Pernyataan itu cukup menusuk hati. Tanpa disadari, kedua tanganku sudah terkepal erat di bawah meja. Aku merasa seperti sedang diuji. Aku merasa bahwa integritasku dipertanyakan oleh seorang penulis kecil yang bahkan baru akan menerbitkan buku. Aku merasa dihina dan direndahkan.

 

“Tarik kata-katamu tadi,” tuntutku, pelan, dengan wajah tertunduk.

 

“Kenapa? Apa ada yang salah? Bukankah semua itu benar? Aku berhak mempertanyakan kemampuanmu jika mengedit naskah seperti ini saja tidak bisa dan masih ada salah,” balasnya dengan nada yang tegas. “Aku ingin agar kamu membaca naskahnya lagi.
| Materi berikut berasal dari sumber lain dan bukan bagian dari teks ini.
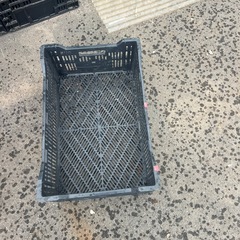 プラスチックコンテナの画像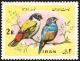 Colnect-1460-714-Swee-Waxbill-Estrilda-melanotis-Red-cheeked-Cordon-bleu.jpg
Kali ini dengan lebih lengkap. Dan, bagian ini tidak boleh dihapus sama sekali.”

 

Pernyataan itu bagaikan ultimatum di telinga. Aku tidak punya pilihan lain selain menuruti kemauannya. Sepertinya sore ini akan menjadi sore yang sibuk..

 

“Jika kamu sudah mengerti, aku permisi dulu. Ada urusan lain yang harus kulakukan. Ingat, James. Baca yang lengkap,” ujarnya sambil beranjak bangun dan meninggalkan kafe.

 

Ia pergi meninggalkanku sendirian. Badanku terasa lemas ketika ia sudah pergi dari hadapanku. Aku baru tau kalau menahan amarah rasanya bisa sangat melelahkan.

 

“Sepertinya memang harus dibaca ulang,” gerutuku pelan.

 

Aku langsung menghabiskan kopi dan beranjak pulang. Sesampainya di kamar apartemen, Laptop langsung kubuka kembali. Aku membaca naskah itu sembari mengeceknya lagi. Kata-kata yang tadi Alison ucapkan masih terngiang-ngiang di otakku. Aku menjadi tidak fokus dan malah kesal sendiri. Kenapa sih aku mendapatkan klien seperti dia. Baru kali ini aku mendapatkan klien yang serepot ini. Padahal naskah ini tidak seberapa.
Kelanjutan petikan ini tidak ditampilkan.